Z liked our time in the mountains so much, she decided to sneak some Bug House gravel home with us in her “cooking” bag (see above). (Sidenote: the Bug House is the screened-in building everyone hangs out in. We each have our own sleeping cabins – with bathrooms! a luxury the Hardy Womenfolk insisted upon – but the sleeping cabins are tiny, so the Bug House is the area we can all visit without getting attacked by too many bugs. There was a skink friend, though.)
And the other thing…it never really sunk in, before, that after a vacation, you’ve got to clean your filthy clothes. With one or two people, this isn’t much. With three people, it can get a bit out of hand.
The beer bottle is propped up there so you can get an idea of the vastness of Mt. Laundry. Am I folding? No. The sheer vastness of the mountain discourages me from even attempting to scale it. Instead, I think I will go in my bedroom and cry.

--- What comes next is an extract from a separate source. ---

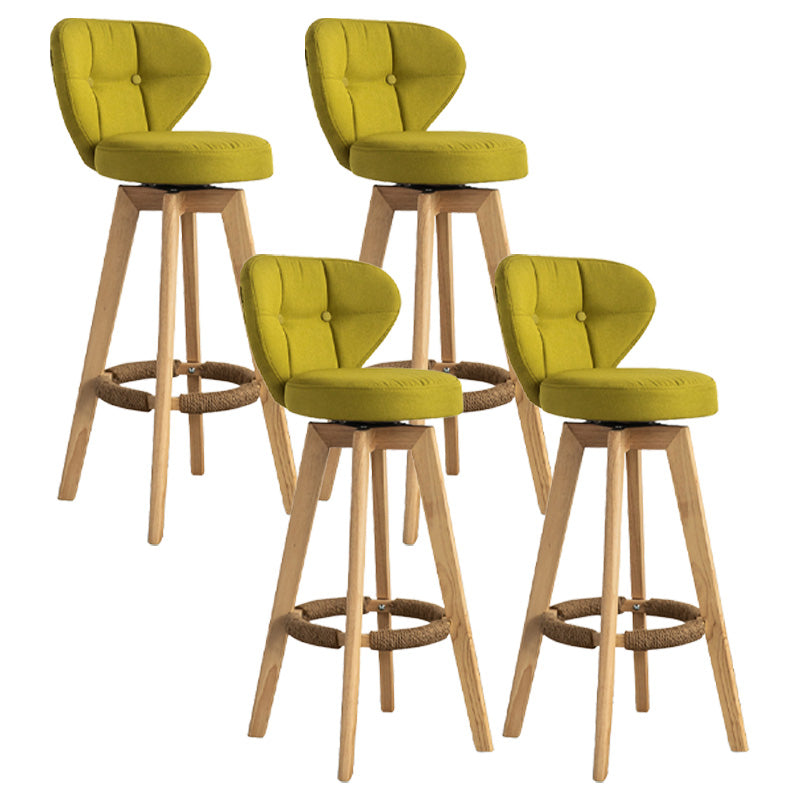 Scandinavia Style Bar-stool Wooden Legs Round Seat for Restaurant Bar Olive Green Natural 4 Piece Set Clearhalo 'Bar Furniture' 'Bar Stools' 'bar_stools' 'furn' 'furn_bar_stools' 'furniture_bar_stools' 'Kitchen & Dining Furniture' 'kitchen&dining_furn' 'kitchen' 'kitchen_furn' Furniture' 4576281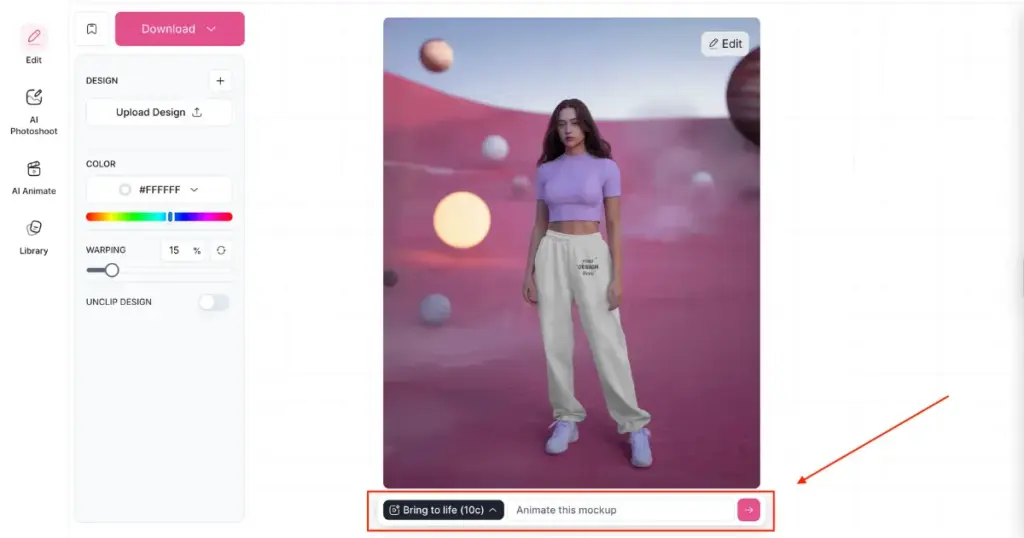 use bring to life option for animated mockups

Good news: Z’s exhausted, and my parents are here to help distract her & tire her out. Bad news: I’m exhausted, so less likely to make the most of my sanity-time.
The Best News: It was an awesome weekend. Not only did Husband and I go on some hikes together, but I had plenty of visiting time with both sets of our parents, and I had plenty of writing time – even created a rough outline for the sequel to le manuscript. And Z got to do all the things almost-three-year-olds should get to do in the wilderness…go for walks with grandparents, read stories, eat huge breakfasts, search for the skink, watch Mommy have a panic attack over the Giant Red Spider of Doom, then watch her do it over again over the Giant Red Spider of Doom’s Clone BFF.
I have a lot to say about the Giant Red Spider of Doom, but I’ll save it for a day when I don’t have Mt. Laundry staring at me with its x-ray laser vision from the other room.
And the best thing for kids to do in the woods: play in the dirt with sticks and rocks.